A rekindled interest, however, does not equate to a sudden understanding of what was holding me back originally. Both with Elden Ring & Dark Souls.

What may or may not be interesting is that I had actually gotten Dark Souls: Prepare to Die Edition for the PC well before the release of Elden Ring. And to no surprise, I did not enjoy the experience. Not because of issues with the port, but because I was still encountering the same issue as I had originally with the console version. I could argue that the quest markers & NPCs of other games that pointed me in a direction weakened my ability to figure things out myself, or that games with difficulty levels gave me the option to opt out of utilizing game mechanics that I simply did not wish to learn. Those certainly had their effect, but four words underlined my thoughts.

Death was not fun.

Eventually, I realized that my previous issues came from my perception of death. To die was to be told I wasn't good enough & a failure. However, in every Souls game, what is really lost when a player dies? Nothing that can't be grinded back. Is progress lost? No, the player respawns at the last place they rested. What does death give? Frustration.

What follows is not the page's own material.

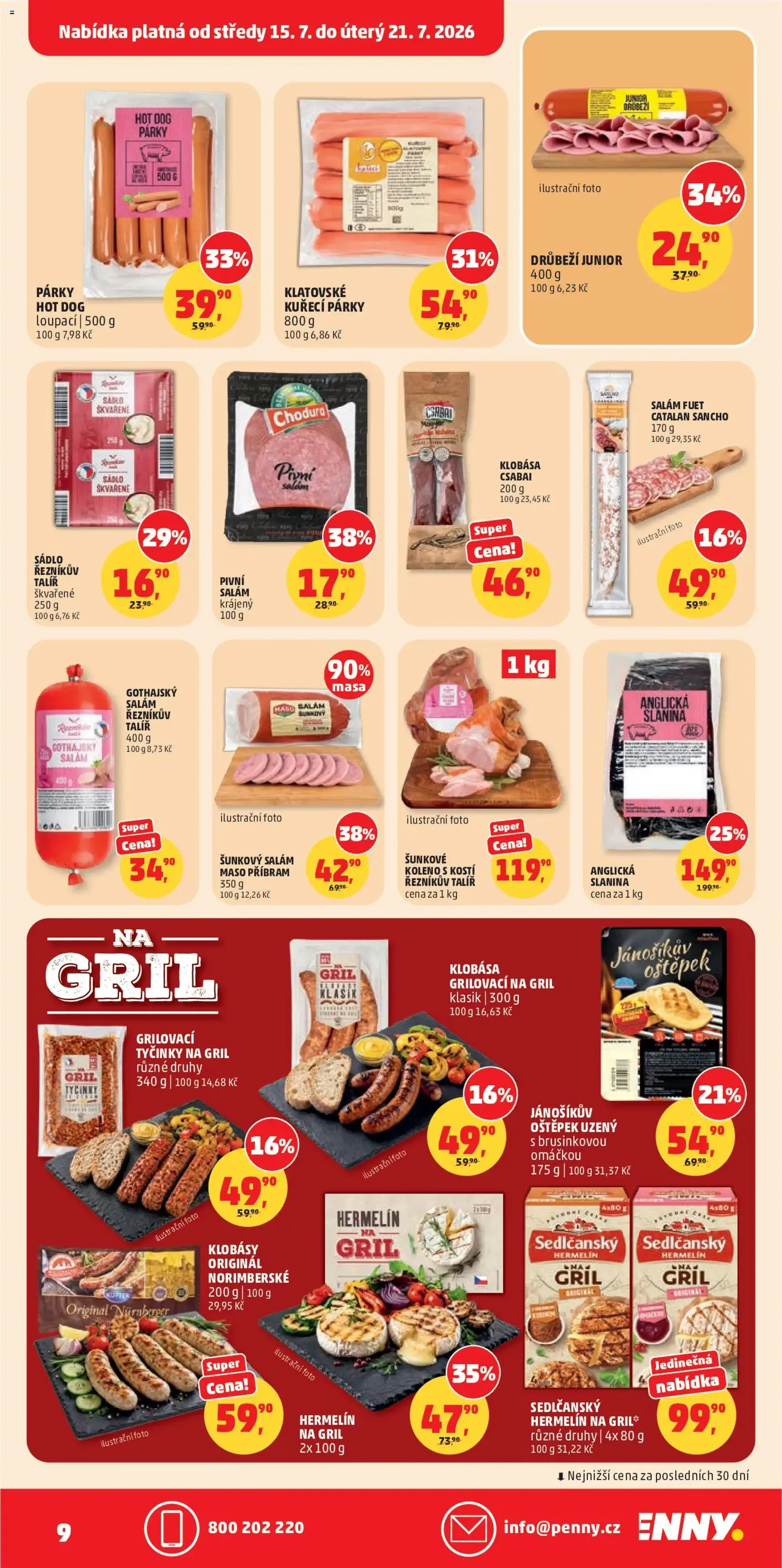 Penny Market leták - platný leták od 15.07.2026 strana 9 z 35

It all comes down to how that frustration is interpreted & dealt with. Originally, I saw it as failure, that I wasn't good enough at the game to enjoy it, add to that how I felt directionless & it could come as no surprise why I kept giving up on the game series. Then, for some reason, I stopped caring. I discovered ways to cheese the game a bit, watched how to get cool early weapons & where to get upgrades, & just started enjoying the experience for seemingly no reason.

Granted, Elden Ring has been described as the easiest of the Souls series & I believe that. But for some reason, once I stopped caring about dying to bosses or annoying mobs, I found myself understanding the game better. I still can't learn a boss pattern because of my smooth brain, but that doesn't matter. What was important is that death no longer mattered, as a result, the main source of my frustration with the series vanished & allowed me to enjoy the experience of the game without the weight of failure.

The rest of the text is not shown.